Industry Reactions and Expert Voices
Industry reactions to the filings have been mixed but largely reflective of guarded optimism. Some market participants see tokenized money market funds as a natural extension of a long-standing push to bring traditional assets into the digital realm. Others warn that execution risk and regulatory clarity will decide whether tokenized options ever reach scale.

BlackRock, contacted for comment, emphasized that the filings reflect a measured approach to expanding liquidity access and on-chain settlement while maintaining rigorous risk controls. A spokesperson underscored that the effort aims to “bridge traditional yields with digital-asset infrastructure” and that the firm would follow regulatory guidance closely as approvals proceed.

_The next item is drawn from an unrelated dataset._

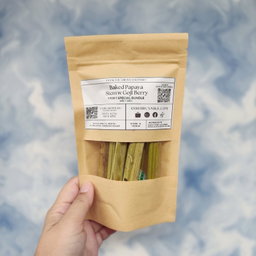1 For 1 Special Bundle! Baked Papaya Stems with Goji Berry (25g + 25g)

What This Means for Investors
For investors, the launch of tokenized BSTBL shares and the new BRSRV vehicle could unlock several advantages. On-chain trading and near-instant settlement may reduce funding gaps and streamline cross-portfolio cash management. The transparent governance and auditability of a blockchain-based share class could also improve visibility into liquidity levels and asset quality.

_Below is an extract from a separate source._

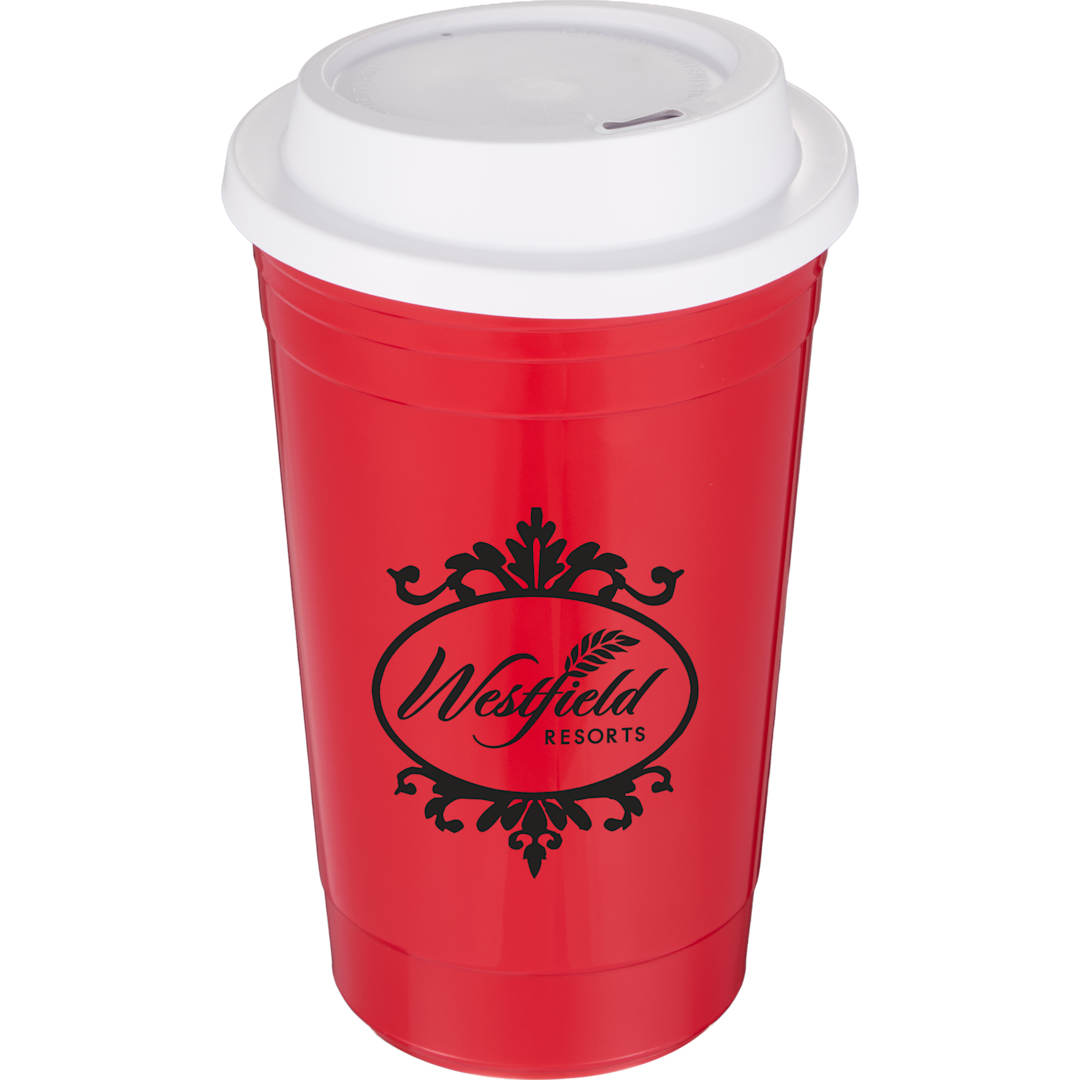 The Traveler Insulated Cup 16 oz. w/ Lid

However, the investor takeaway remains nuanced. Tokenized funds carry the same fundamental credit and interest-rate risk as their traditional counterparts, plus additional layers of risk tied to smart contracts, network congestion, and custody arrangements. The success of these products will depend on robust risk controls, reliable redemption processes, and a regulatory framework that makes on-chain versions truly equivalent to conventional shares in terms of protections and disclosures.
Key Data Points to Watch
- BSTBL tokenized class tied to a $6.1 billion fund governed by Rule 2a-7 mandates
- Digital shares planned to settle on the Ethereum network
- Underlying strategy: 100% cash, U.S. Treasuries, and overnight government-secured repos
- BRSRV: a new crypto-native vehicle designed for on-chain liquidity and stability
- Filings date: May 8, 2026; regulatory approvals pending
- Market impact: potential blueprint for future tokenized fund offerings by other asset managers
Future Outlook: The Path Ahead
If these filings pass regulatory muster, BlackRock’s tokenized money market funds could become a blueprint for integrating traditional cash management with blockchain settlement. The practical implications for liquidity providers, on-chain traders, and institutions seeking faster, more transparent cash access could be substantial. But the pace of adoption will hinge on how regulators address disclosures, redemption mechanics, and the resilience of the digital infrastructure that underpins the tokenized shares.
Conclusion: A Milestone, Not a Cartwheel
BlackRock’s bid to tokenize a core, risk-controlled money market fund and to launch a crypto-native vehicle marks a notable milestone in the evolution of tokenized finance. Investors should monitor not only the technical execution and custody arrangements but also how regulators translate guidelines into practical safeguards for on-chain investments. The industry will be watching closely as the SEC reviews the requests and as BlackRock tests whether blackrock looks sidestep clarity can translate into real-world efficiency without compromising safety. If successful, this path could accelerate a broader shift toward tokenized money market funds and the on-chain management of cash-like assets.